Details for Talk on: 07.06.2021

  • Speaker: Sébastien Lahaie (Google Research)
  • Title: Tests and Metrics for Static and Dynamic Incentive Compatibility
  • Abstract: An incentive-compatible auction incentivizes buyers to truthfully reveal their private valuations. However, many ad auction mechanisms deployed in practice are not incentive-compatible, such as first-price auctions (for display advertising) and the generalized second-price auction (for search advertising). Furthermore, even if each auction is truthful in isolation, common practices like dynamic reserve pricing can induce buyers to shade bids across repeated auctions. On the buy-side, we provide novel statistical tests that allow buyers to confirm, using simple bid perturbations, whether the auction they are bidding into is (dynamic) incentive-compatible. On the sell-side, we introduce a new metric to quantify incentive compatibility in both static and dynamic environments. We provide interpretable characterizations of our metric and prove that it is monotone in auction parameters for several mechanisms used in practice, such as soft floors and dynamic reserve prices. We illustrate these ideas on real ad auction data and show how they can be used to quantify the revenue-incentive tradeoffs of different reserve pricing schemes. This is joint work with Yuan Deng, Song Zuo, Vahab Mirrokni.

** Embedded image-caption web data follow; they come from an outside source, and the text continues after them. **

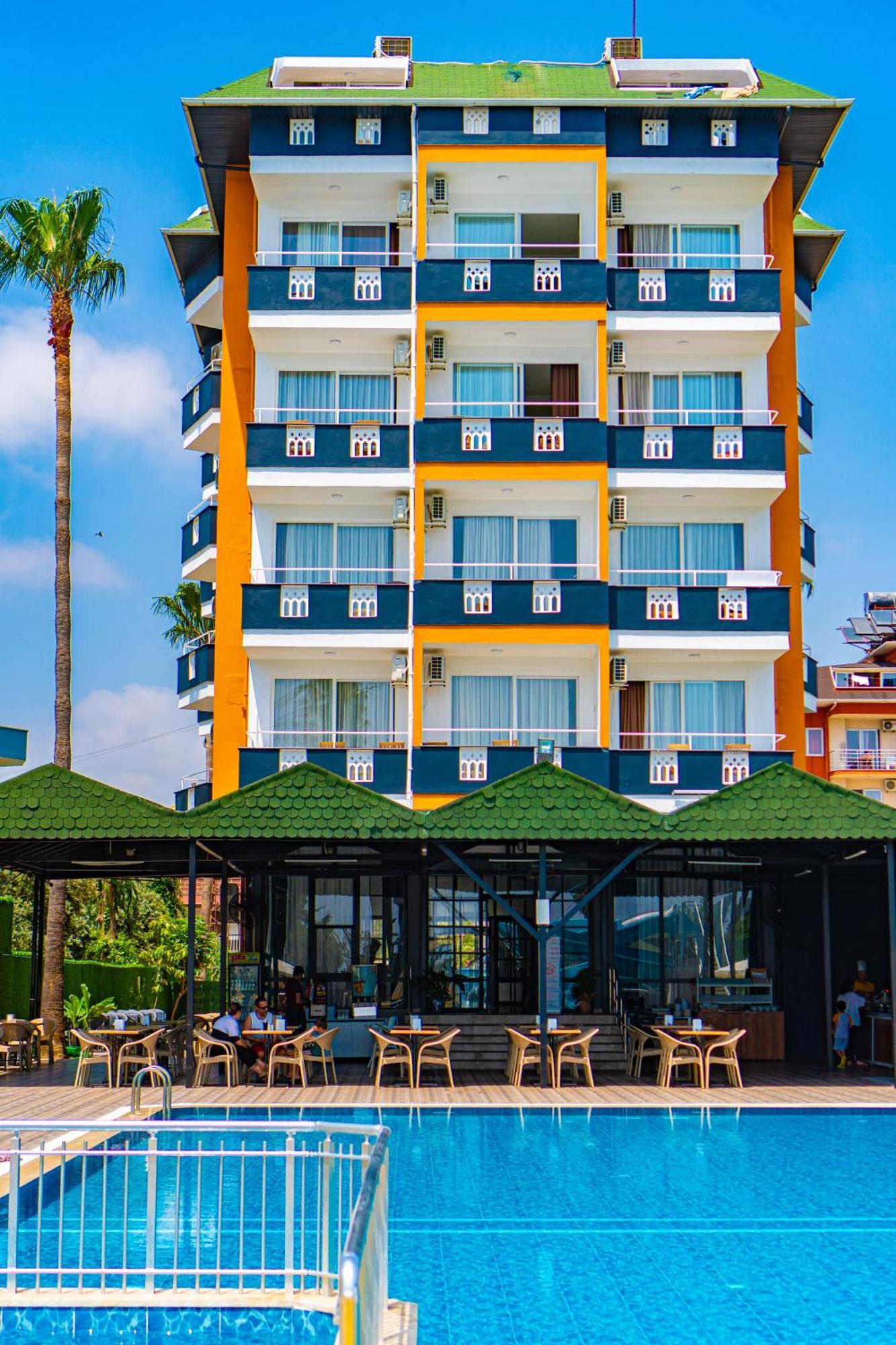 De Mare Family Hotel Konakli Ngoại thất bức ảnh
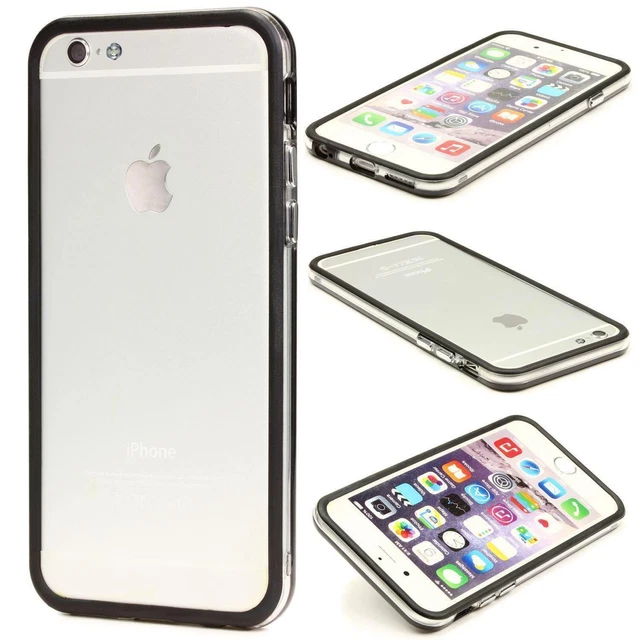 Urcover Coque Bumper Cadre de Protection  Film Vitre Verre Trempé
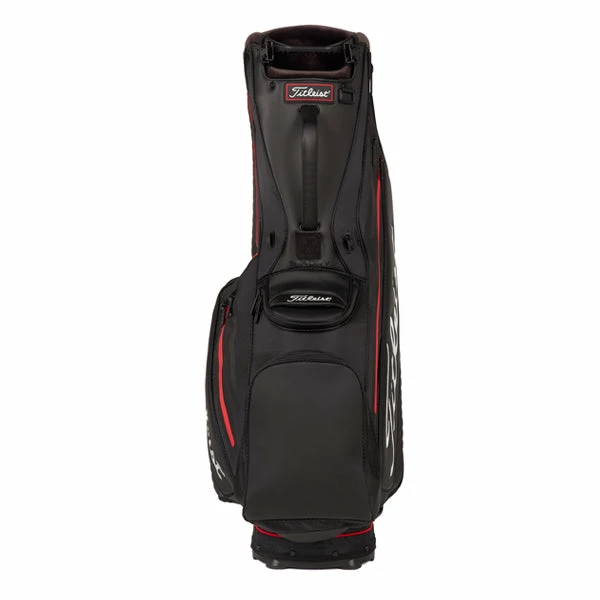 Titleist Jet Black Staff Stadry Golf Stand Bag - Image 4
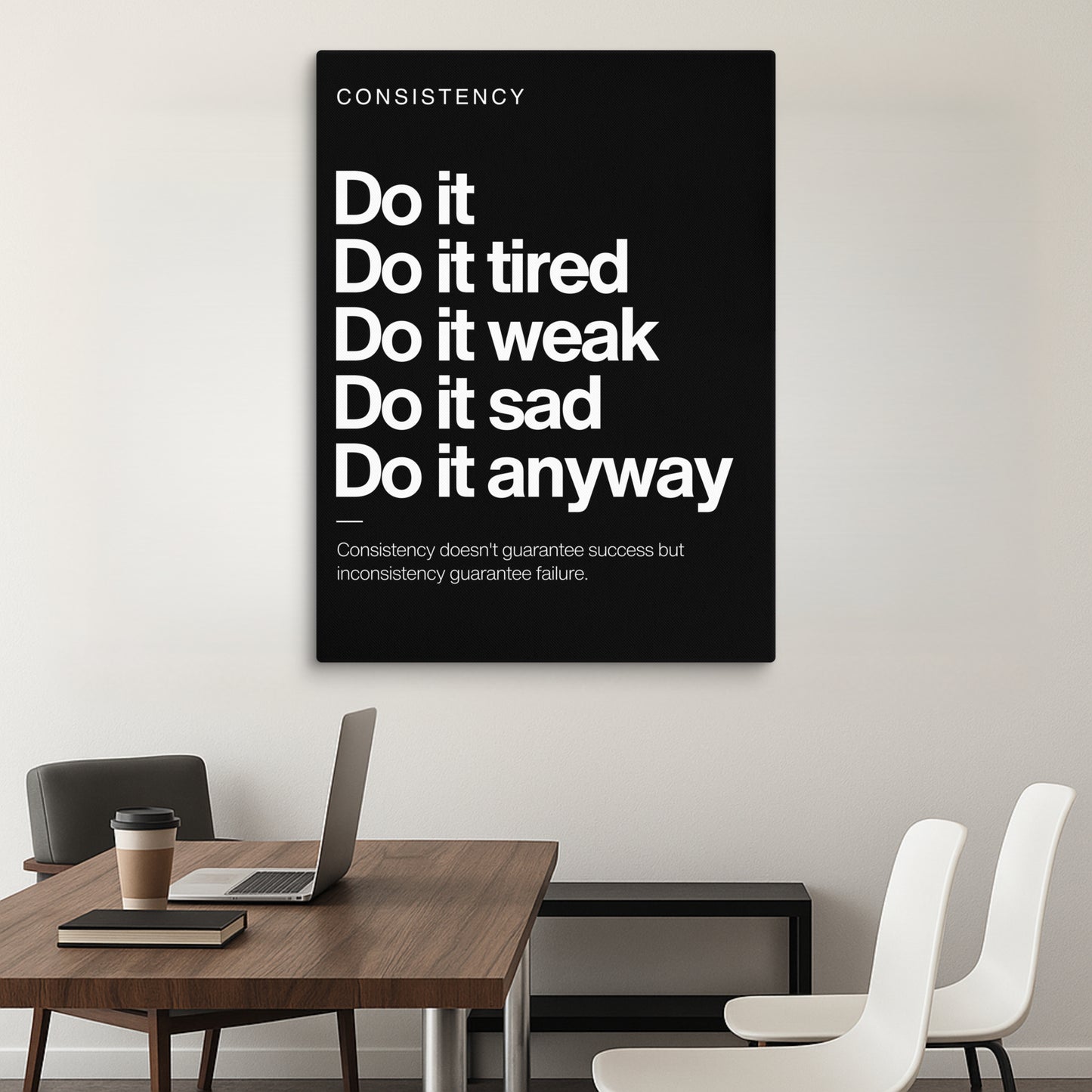 Consistency — Do It Anyway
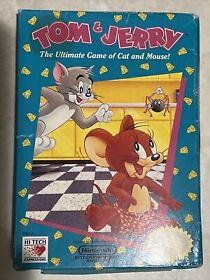 Tom & Jerry (Nintendo NES) Complete in Box
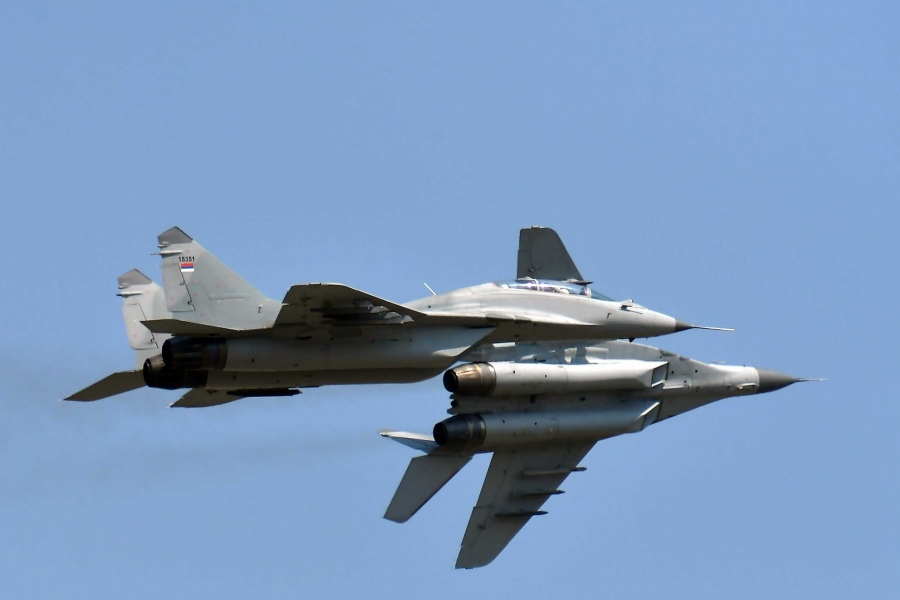 Η Σερβία εξοπλίζει τα MiG – 29 με κινεζικούς πυραύλους που έχουν βεληνεκές 400 χλμ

  • Bio: Sébastien Lahaie is a research scientist in the Market Algorithms at Google Research in New York City. He received his PhD in Computer Science from Harvard in 2007 and was previously a research scientist at Yahoo and Microsoft. His research focuses on computational aspects of market design, with applications to sponsored search and display advertising. He is interested in designing market algorithms that scale well and properly anticipate user behavior. Other interests include preference modeling and elicitation, combinatorial auctions, and prediction markets. He has served as a co-editor for Economic Inquiry and was previously a program chair for the conference on Auctions, Market Mechanisms, and their Applications (AMMA).